States' Rights: Gay Marriage, Abortion and SlaverySubmitted by msalomon on Sun, 12/18/2011 - 17:38
The other day, a couple of us Paulites did a sign wave. While we were out there a civil libertarian walked up to us and wanted to ask some questions about RP and his consistency on civil liberties. He said he's always liked RP, but he is very frustrated that he has taken a states' right stance on abortion and gay marriage, a stance that this man believes is not consistence with RP's record on civil liberties. So of course the guy posed the ridiculous question, "What if a state wanted to re-institute slavery, would that be acceptable under a Ron Paul administration?"
Now, I'm not very well versed in the defense of the states' rights position. I've been meaning to read Tom Woods' 'Nullification' (please suggest other books), but haven't got around to it yet. However, I did try to defend it to the best of my knowledge. First off, I told the man that slavery would never rear its ugly head again in this culture. Secondly, that it was best to leave controversial culture war issues like gay marriage and abortion for the states to decided, rather than a one size fits all federal law. He did not want to accept this answer, he simply just argued for federal supremacy over states on civil liberty issues.

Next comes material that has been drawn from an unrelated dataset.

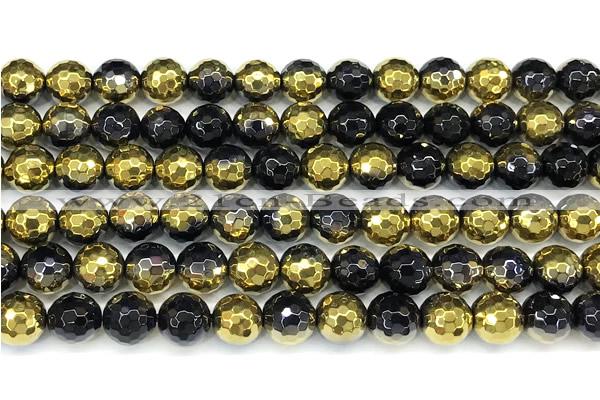 CAA6025 15 inches 8mm faceted round electroplated agate beads
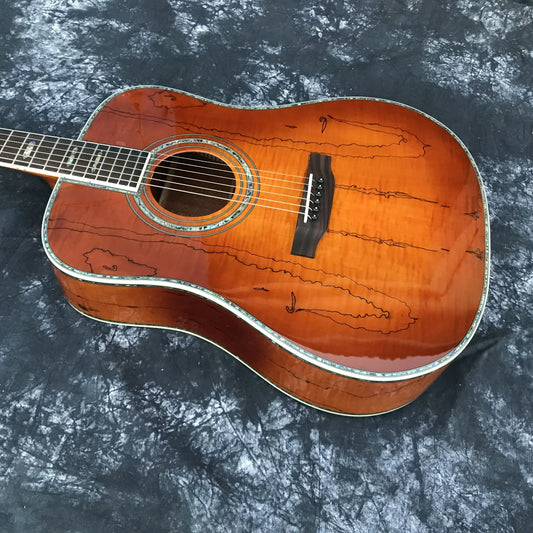 Custom 41 Inch D Type Maple Body Acoustic Guitar Abalone Inlays Ebony Fingerboard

At this point I was kind of stumped. I did have one other point to make, but unfortunately I couldn't because one of the guys that was with us was getting a bit combative with him, and scared him off. The man got flustered and said he wouldn't vote for RP now. The idiom, "you can catch more flies with honey than with vinegar" might be the topic of another post later, some of us Paulites need to remember that. The other point that I would've liked to make was that if we were to decentralize power and cut huge swathes through the federal budget, states would have to be more competitive for accumulating more tax payers. They would lose many taxpayers if they alienated them with laws that violated their civil liberties. Of course the rebuttal to this is, "how can you vote with your feet and leave an oppressive state if you're poor?"
Are these arguments valid? What other points can I make if this question is posed to me again?